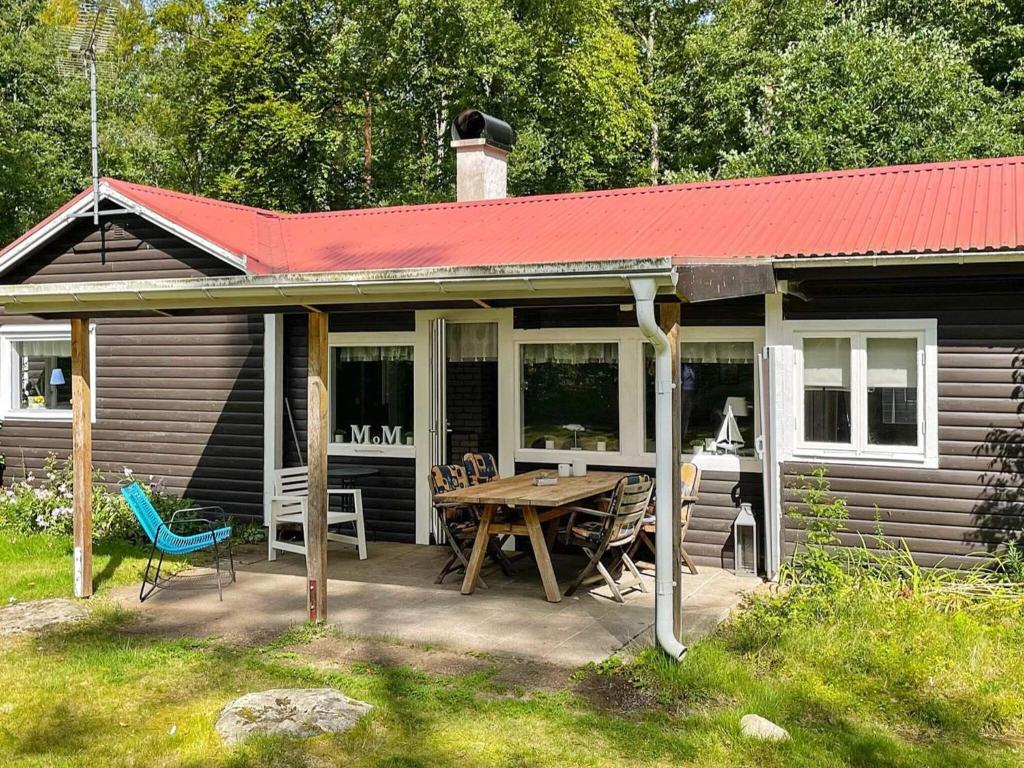 Lur4 person holiday home in H STVEDA的一座带野餐桌和红色屋顶的房子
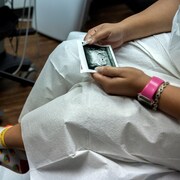 Une femme assise, dont on ne voit que les jambes et les mains, tient l'image imprimée d'une échographie.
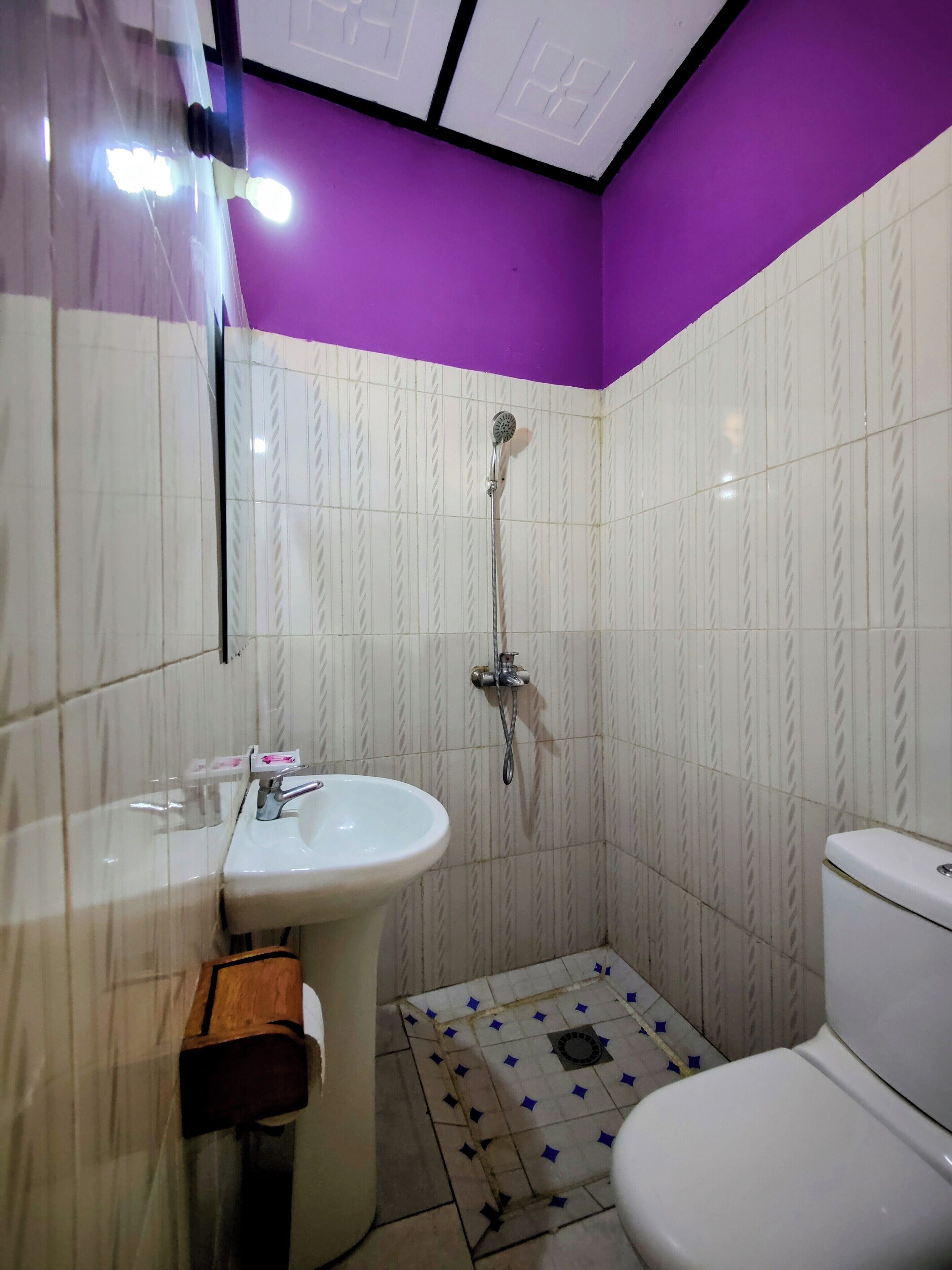 A bathroom with a sink, toilet, and shower.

— PROBLEM STATEMENT —
Print the material again, unchanged, without its pictures.

— RESULT —
 Lur4 person holiday home in H STVEDA的一座带野餐桌和红色屋顶的房子
 Une femme assise, dont on ne voit que les jambes et les mains, tient l'image imprimée d'une échographie.
 A bathroom with a sink, toilet, and shower.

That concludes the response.